Sweet grass paper

CO2 savings per 1,000 kg of sweet grass paper produced:

Compared to FSC wood fibre paper: – 231 kg (- 20%)
Compared to recycled paper:              – 756 kg (- 45%)

The saving of 100 kg CO2 is equivalent to a 769 km car journey
(Source: European Union – Average new car emissions of 130 g CO2 / km from 2015).

Use of waste for sustainable paper production

In order to feed the world’s population, plants such as rice, grain or sugar cane are cultivated all over the world. After harvesting the edible plant components, leaves, stems, etc. remain as agricultural waste. It makes up about 80 % of the plant material and is usually burnt. This waste is now used for the production of paper, which can be recycled up to seven times, just like conventional wood fibre paper. Furthermore, due to its natural components, the sweet grass paper is both industrially and home compostable (Certified according to DIN CERTO). This can help to counteract the deforestation of millions of hectares of forests that are still needed for paper and cardboard production. With only about 1.8% of the annual agricultural waste, the entire annual paper and cardboard demand can be covered throughout Europe.

Sweet grass paper from India

The paper mill has its headquarters in Kagithapuram, in the province of Tamil Nadu in the south of India.

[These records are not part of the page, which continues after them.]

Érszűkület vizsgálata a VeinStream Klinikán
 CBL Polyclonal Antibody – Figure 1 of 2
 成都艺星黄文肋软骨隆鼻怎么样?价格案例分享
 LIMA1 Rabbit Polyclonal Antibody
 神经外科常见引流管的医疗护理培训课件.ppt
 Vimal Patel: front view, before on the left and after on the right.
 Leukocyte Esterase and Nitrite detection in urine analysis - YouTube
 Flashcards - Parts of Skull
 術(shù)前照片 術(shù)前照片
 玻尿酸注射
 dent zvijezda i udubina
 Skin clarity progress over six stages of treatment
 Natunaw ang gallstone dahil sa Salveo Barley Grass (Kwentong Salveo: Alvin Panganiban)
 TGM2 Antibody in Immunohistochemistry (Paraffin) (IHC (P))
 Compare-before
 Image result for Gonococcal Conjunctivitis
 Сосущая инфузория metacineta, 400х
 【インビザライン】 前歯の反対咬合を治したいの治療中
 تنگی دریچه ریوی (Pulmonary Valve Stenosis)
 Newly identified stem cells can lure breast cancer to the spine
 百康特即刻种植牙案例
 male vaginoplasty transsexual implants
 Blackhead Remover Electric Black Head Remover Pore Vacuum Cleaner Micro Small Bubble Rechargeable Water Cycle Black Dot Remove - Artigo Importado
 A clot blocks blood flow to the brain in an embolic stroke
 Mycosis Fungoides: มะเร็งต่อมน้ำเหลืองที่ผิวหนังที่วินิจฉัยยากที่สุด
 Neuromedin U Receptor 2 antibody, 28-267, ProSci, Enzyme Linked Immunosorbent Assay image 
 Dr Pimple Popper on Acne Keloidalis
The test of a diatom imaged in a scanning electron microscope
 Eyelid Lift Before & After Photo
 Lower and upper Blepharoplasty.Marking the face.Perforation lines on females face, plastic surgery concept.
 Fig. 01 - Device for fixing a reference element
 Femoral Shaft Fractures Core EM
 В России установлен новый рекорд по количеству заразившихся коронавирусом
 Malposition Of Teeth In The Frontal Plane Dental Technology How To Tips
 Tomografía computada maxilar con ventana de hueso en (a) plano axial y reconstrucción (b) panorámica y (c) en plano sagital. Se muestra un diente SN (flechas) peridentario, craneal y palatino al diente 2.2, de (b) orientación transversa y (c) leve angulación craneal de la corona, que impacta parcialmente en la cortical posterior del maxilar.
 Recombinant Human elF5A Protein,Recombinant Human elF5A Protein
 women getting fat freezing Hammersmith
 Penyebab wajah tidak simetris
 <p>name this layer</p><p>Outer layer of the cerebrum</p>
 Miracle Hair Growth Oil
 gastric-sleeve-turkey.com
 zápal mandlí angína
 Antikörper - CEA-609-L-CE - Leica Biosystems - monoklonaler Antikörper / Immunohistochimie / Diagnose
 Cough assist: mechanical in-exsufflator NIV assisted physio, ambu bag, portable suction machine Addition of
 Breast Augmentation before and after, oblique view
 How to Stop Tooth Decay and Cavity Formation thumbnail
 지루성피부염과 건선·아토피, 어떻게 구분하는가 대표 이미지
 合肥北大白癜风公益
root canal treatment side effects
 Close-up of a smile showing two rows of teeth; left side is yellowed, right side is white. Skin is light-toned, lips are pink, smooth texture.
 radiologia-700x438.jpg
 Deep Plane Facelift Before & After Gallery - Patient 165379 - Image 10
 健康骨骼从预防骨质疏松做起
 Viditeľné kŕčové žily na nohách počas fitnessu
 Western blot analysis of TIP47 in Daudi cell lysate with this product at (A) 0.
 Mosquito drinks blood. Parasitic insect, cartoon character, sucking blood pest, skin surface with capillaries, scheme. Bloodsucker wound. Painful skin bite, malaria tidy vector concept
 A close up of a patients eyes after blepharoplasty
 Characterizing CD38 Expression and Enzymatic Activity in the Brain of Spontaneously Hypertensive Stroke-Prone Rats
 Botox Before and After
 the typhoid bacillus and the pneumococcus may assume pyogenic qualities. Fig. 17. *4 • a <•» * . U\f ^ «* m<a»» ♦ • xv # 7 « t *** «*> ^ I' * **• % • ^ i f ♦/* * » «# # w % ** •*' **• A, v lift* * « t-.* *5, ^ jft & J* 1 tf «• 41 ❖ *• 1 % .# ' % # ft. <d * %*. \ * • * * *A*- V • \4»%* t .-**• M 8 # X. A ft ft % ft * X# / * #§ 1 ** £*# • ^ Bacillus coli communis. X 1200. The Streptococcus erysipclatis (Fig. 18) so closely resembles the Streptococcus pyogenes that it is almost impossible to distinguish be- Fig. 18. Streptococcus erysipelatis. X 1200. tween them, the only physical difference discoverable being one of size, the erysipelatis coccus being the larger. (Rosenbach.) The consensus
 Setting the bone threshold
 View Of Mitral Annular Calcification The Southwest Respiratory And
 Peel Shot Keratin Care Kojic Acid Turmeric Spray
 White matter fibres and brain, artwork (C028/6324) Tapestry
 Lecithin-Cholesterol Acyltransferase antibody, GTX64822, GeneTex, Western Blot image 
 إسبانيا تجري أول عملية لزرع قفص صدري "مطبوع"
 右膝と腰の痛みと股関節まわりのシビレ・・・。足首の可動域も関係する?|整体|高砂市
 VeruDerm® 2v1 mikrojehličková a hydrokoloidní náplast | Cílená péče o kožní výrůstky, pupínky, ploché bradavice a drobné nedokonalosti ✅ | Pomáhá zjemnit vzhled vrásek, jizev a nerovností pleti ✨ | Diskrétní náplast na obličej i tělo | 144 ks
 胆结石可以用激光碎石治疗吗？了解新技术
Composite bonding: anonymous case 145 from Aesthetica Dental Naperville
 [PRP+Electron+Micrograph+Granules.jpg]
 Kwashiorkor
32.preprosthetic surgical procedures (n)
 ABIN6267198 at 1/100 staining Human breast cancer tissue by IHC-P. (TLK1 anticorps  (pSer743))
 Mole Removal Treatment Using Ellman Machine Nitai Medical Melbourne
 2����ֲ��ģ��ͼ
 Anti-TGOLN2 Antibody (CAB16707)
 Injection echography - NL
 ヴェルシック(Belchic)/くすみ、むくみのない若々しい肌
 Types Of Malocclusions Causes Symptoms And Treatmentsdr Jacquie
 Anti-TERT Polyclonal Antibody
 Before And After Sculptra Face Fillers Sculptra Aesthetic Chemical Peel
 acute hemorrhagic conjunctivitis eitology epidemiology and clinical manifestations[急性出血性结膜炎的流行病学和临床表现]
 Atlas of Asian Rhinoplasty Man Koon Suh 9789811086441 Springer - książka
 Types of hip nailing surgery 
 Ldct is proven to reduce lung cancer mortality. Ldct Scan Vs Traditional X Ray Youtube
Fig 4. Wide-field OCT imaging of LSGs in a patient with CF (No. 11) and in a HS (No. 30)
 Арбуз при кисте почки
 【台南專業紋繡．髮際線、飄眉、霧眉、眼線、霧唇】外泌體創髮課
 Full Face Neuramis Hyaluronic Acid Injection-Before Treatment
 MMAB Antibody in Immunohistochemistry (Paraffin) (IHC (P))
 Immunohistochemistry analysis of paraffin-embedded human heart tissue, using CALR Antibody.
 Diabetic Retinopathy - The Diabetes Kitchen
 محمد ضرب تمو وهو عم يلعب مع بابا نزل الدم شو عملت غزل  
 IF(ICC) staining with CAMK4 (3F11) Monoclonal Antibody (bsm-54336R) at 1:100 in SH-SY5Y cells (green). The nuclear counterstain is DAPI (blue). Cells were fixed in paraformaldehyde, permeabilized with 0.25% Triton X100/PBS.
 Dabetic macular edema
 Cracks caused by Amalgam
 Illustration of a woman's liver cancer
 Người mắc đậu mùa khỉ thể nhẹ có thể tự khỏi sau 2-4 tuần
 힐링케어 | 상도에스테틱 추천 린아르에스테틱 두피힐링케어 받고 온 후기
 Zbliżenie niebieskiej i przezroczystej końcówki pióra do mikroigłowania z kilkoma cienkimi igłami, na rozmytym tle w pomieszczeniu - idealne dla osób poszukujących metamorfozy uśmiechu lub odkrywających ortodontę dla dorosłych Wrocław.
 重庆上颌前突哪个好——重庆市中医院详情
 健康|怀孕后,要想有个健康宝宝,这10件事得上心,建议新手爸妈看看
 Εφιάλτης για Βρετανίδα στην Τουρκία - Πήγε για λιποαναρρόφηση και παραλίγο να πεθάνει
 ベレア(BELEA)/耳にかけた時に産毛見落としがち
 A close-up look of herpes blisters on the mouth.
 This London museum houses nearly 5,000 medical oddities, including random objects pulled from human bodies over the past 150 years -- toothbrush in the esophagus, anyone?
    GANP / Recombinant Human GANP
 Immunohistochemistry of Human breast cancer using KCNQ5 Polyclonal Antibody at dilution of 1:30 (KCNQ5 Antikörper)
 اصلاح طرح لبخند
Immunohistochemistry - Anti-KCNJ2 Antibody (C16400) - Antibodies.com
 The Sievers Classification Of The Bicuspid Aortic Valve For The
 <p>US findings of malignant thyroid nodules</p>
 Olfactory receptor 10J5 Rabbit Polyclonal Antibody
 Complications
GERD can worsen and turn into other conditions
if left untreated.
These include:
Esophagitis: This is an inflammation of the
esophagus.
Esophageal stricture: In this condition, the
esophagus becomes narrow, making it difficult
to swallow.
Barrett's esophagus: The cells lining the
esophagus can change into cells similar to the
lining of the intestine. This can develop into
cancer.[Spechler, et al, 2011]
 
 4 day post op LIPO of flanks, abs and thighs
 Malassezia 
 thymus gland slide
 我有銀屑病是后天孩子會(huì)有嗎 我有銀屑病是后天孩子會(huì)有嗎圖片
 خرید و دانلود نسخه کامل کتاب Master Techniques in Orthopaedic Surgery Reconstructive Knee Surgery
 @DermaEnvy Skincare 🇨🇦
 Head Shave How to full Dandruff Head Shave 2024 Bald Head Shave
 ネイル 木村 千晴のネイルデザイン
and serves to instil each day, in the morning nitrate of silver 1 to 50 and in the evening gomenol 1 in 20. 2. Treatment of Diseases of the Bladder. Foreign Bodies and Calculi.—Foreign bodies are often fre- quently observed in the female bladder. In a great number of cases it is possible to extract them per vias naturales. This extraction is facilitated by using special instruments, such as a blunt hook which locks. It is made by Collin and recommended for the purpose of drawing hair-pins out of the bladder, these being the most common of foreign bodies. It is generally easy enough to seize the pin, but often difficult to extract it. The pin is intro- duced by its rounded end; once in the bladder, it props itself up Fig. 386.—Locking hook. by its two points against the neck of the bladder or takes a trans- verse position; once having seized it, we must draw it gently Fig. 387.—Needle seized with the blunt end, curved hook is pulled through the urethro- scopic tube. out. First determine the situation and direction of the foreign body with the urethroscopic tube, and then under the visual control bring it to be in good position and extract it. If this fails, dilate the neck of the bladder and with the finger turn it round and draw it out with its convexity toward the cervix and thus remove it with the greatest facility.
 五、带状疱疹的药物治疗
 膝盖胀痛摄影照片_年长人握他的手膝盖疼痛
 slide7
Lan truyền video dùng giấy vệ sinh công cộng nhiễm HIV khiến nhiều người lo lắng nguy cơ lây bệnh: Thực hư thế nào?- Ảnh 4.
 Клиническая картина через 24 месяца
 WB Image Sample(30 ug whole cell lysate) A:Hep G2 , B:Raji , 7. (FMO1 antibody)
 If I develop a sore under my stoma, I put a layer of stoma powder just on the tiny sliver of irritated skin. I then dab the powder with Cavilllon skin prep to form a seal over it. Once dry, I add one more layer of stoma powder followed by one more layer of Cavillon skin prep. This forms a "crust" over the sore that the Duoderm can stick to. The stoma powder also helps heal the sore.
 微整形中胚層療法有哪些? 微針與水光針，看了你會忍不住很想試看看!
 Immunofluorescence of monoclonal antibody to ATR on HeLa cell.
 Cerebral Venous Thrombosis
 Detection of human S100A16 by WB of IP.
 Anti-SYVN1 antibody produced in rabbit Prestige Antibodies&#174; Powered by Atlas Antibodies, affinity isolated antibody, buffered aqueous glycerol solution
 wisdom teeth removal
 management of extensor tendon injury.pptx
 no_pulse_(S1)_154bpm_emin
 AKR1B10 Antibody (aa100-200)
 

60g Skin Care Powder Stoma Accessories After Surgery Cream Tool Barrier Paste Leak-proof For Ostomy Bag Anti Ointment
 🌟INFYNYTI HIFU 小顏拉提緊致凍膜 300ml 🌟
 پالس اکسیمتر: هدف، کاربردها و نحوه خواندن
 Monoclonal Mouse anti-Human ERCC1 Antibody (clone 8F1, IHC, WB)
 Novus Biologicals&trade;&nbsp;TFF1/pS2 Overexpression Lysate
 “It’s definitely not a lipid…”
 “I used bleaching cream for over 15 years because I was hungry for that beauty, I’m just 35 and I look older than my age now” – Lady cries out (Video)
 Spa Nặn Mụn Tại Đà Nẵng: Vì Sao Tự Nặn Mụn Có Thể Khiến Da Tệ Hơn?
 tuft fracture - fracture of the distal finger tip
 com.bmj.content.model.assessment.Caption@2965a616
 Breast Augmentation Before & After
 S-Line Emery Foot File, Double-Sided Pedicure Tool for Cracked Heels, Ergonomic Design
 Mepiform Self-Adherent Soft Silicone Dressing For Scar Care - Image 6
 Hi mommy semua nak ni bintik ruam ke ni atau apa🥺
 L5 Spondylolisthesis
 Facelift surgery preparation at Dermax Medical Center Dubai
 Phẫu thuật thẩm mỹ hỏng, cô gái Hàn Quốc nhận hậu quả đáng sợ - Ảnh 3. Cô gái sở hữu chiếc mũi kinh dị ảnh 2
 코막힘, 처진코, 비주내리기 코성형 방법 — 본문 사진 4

This location is well chosen because a large part of the agricultural waste is generated there and can therefore be used directly locally. Through cooperation with thousands of local small farmers, the world’s largest paper mill using agricultural waste has been built there. This prevents the annual deforestation of an area of forest equivalent to over 20,000 football pitches or the size of the municipality of Amsterdam.

LCA environmental study on sweet grass paper 

The environmental study carried out by IVAM University Amsterdam compares the environmental impact of FSC paper, recycled paper and sweet grass paper. The criteria are the use of raw materials, chemicals, water, energy, technology and waste, and their environmental impact during the product’s life cycle. It considers the entire production chain from the production of the raw material, paper manufacturing, packaging and transport in accordance with the ISO 14040 and 14044 standards and is divided into three main indicators: human health, ecological diversity and availability of raw materials. Then, LCA (Life Cycle Analysis Points) are calculated for each type of paper analysed using 17 subordinate indicators. These consider, among other things, ecotoxicity to soil, water and people, smog formation, consumption of fossil resources, acidification of soils, etc.

This overall assessment shows that the environmental impact of sweet grass paper is 47% less than that of FSC paper and 26% less than that of recycled paper.